La Alcaldía, por ejemplo, acaba de anunciar que existen 3.300 personas adscritas a algunas de las estructuras criminales que operan en la ciudad y en el Valle de Aburrá, y afirma además que ello representa un poco más del 40 % de los grupos delincuenciales conocidos en el país. Como también se sabe, desde la lógica convencional de la seguridad pública, que muchos denominan «securitista», se privilegia el uso de la fuerza y la persecución de los delincuentes, lo que condensa la respuesta institucional frente al crimen. Esa ecuación articula el panorama de la realidad de la seguridad y los derechos humanos, con sus características cárceles atestadas, los informes permanentes sobre capturas o enfrentamientos, así como las mencionadas estadísticas en las que los homicidios crecen, aunque, curiosamente, suelen aparecer a la baja.
Esto indica que el enfoque que se propone desde lo institucional pone en el centro la seguridad como práctica que generaría, por contigüidad, la pretendida tutela, promoción y defensa de los derechos humanos, lo cual se revela en la práctica como un resultado fallido dadas las trasgresiones a la vida y a los demás derechos evidentes en la actualidad. Lo deseable es entonces que se establezca justo la lógica contraria, esto es, la seguridad de los derechos humanos como sinónimo del logro de los mismos a partir de una acción afirmativa y clara.
No obstante, existe un flanco de la problemática no menos importante y que en últimas podría aportar una descripción más precisa y sensata. Se trata de entender las lógicas de naturalización social de muchas de aquellas conductas delincuenciales, además de alcanzar una capacidad más precisa en la descripción del rostro real de quienes agencian y se lucran de dichas estructuras. En apariencia la apuesta oficial parece centrarse en expedir 3.300 órdenes de captura y con ello erradicar el problema. Sin embargo, tal propósito sería una mera ilusión, no sólo porque ello no acabaría con la problemática sino porque esas mismas estrategias de «lucha contra el crimen» se han encargado de nutrir sin cesar la idea de que la delincuencia comienza y termina con el delincuente, o que a este sólo lo mueven intereses malévolos o propios de sus «negras» almas.

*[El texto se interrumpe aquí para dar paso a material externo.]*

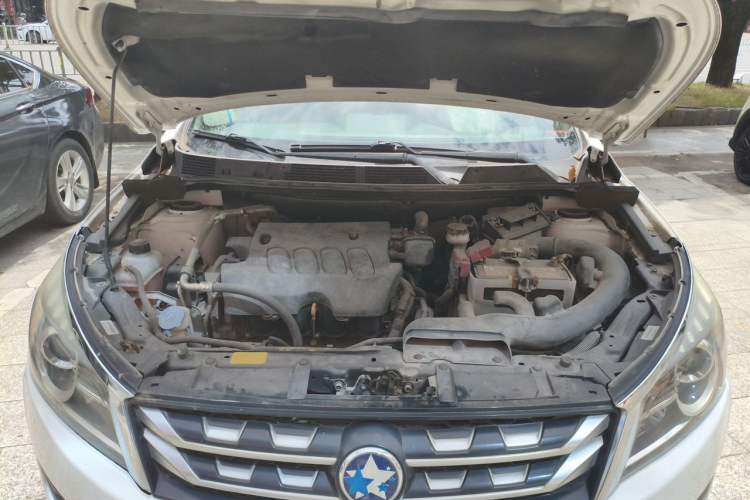 Used Venucia T70 2016 2.0L Manual RuiXiang Edition Engine Bay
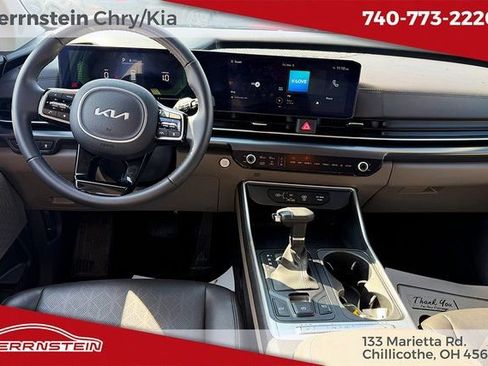 Used 2025 Kia Carnival FWD image 6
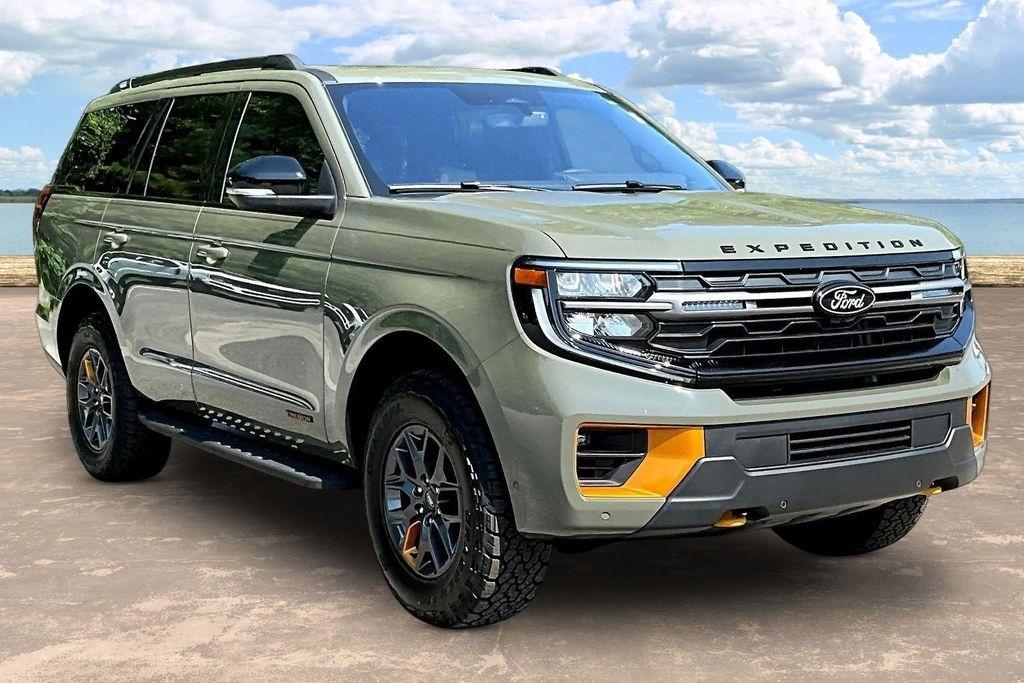 Ford Expedition Tremor 4WD 2025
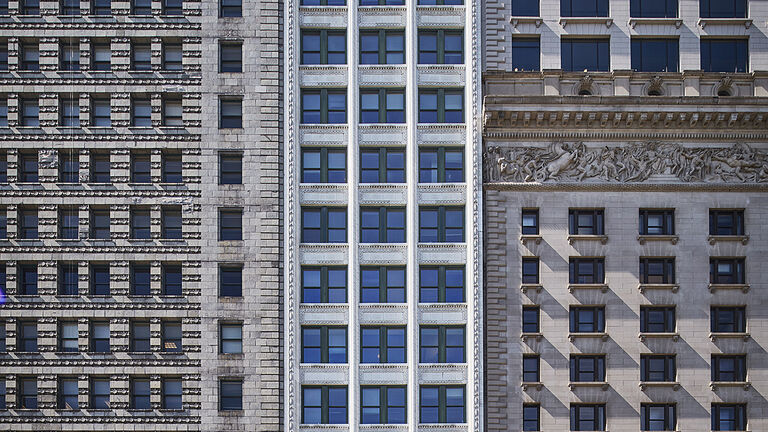 Exterior shot of the SAIC Lakeview Building.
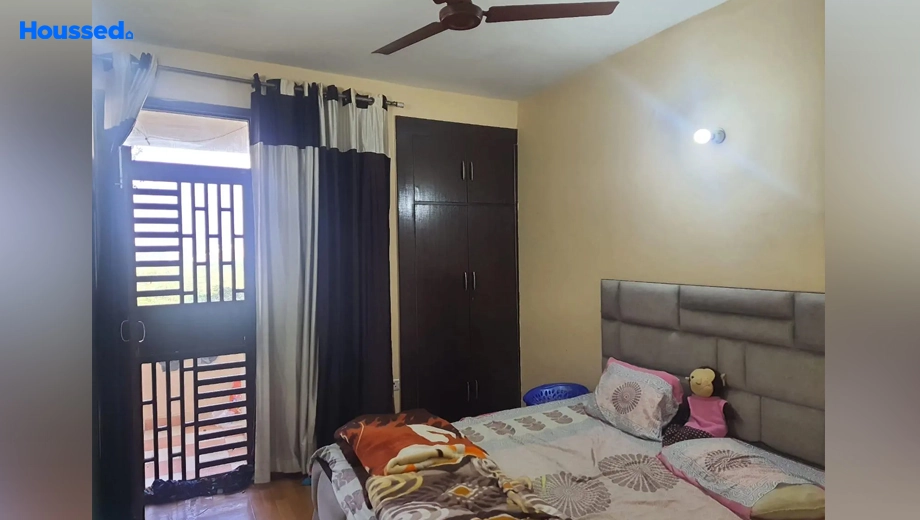 Project Image of 3 BHK Semi-Furnished Flat for Rent in Green Park Society, Sector 75 - Image 158336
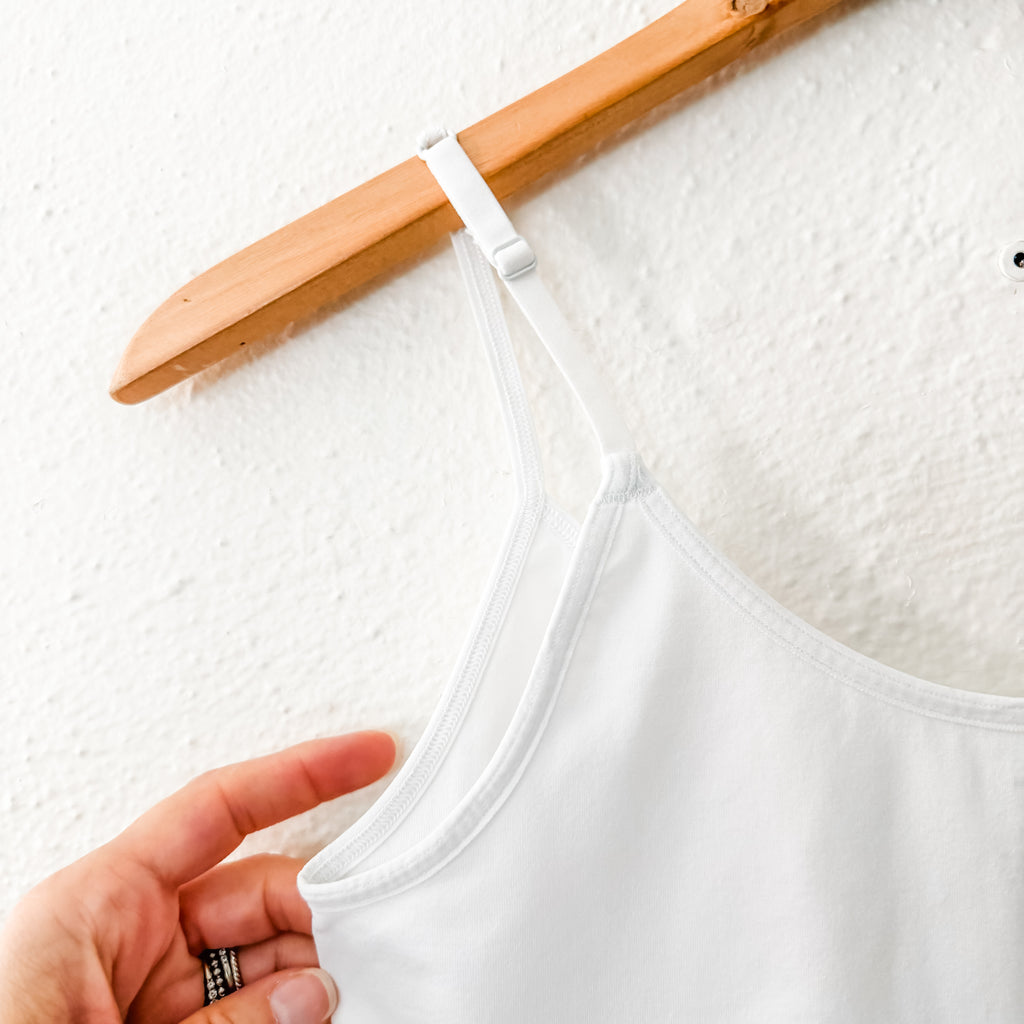 Nordstrom Seamless Layering Spaghetti Strap Tank Top in White, sz Med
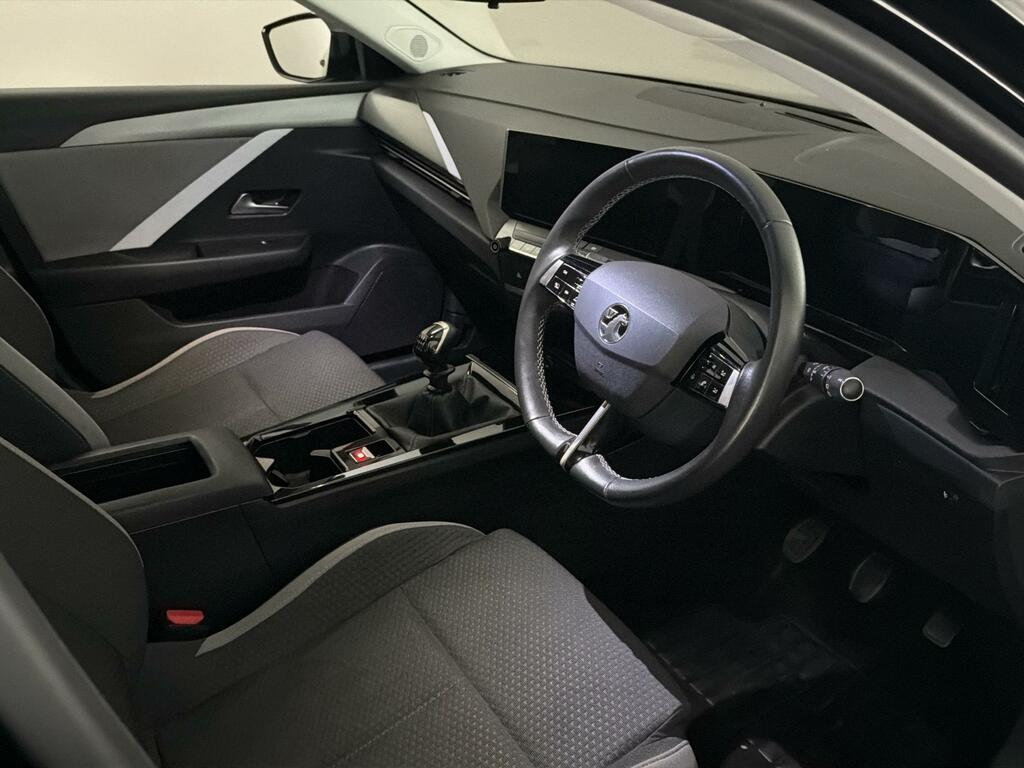 Vauxhall Astra 1.2 T Design YUI7296 #4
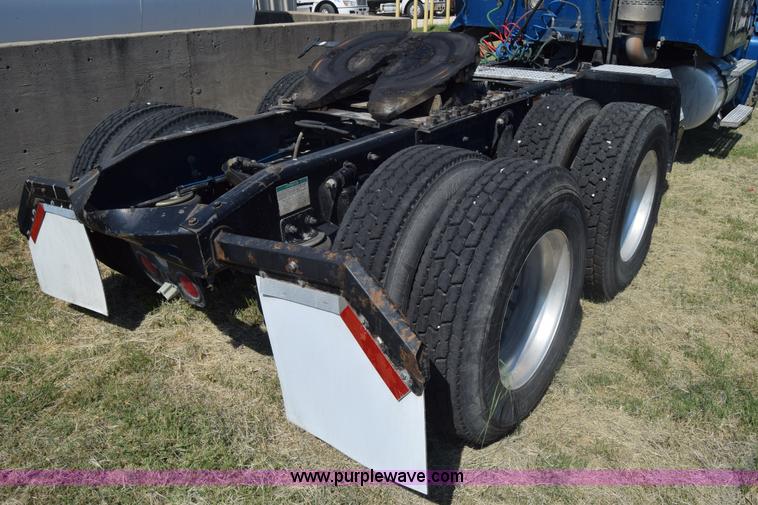 image for item J7217 2006 Freightliner Columbia semi truck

Si se observa el volante con los rostros de los «más buscados» por la policía, se comprobará que parecen ser un solo rostro, no solo porque casi todos son hombres jóvenes, provenientes de barrios populares, con poca o nula escolaridad y de rasgos físicos que los hacen parecerse hasta en el peinado. En ese contexto cabe preguntarse ¿Qué efectos puede causar a largo plazo la sobrerrepresentación del malo como sinónimo de joven? Y además ¿A quién encubre esa sobrerrepresentación?
Según el relato que nos dejan las descripciones cotidianas, el crimen se extiende por el tejido urbano como una mancha oscura que no deja de expandirse y diversificarse, sin embargo esa imagen de crecimiento plano y horizontal impide advertir que existe otro crecimiento hacia arriba dado que las empresas criminales son altamente funcionales a las prácticas legales o formales. Así, la corrupción de la que tanto se habla no pasa de ser un espectro irreconocible y amorfo, mientras que el rostro del delincuente no lo es. Es el de un hombre joven y pobre, es decir el de un excluido social.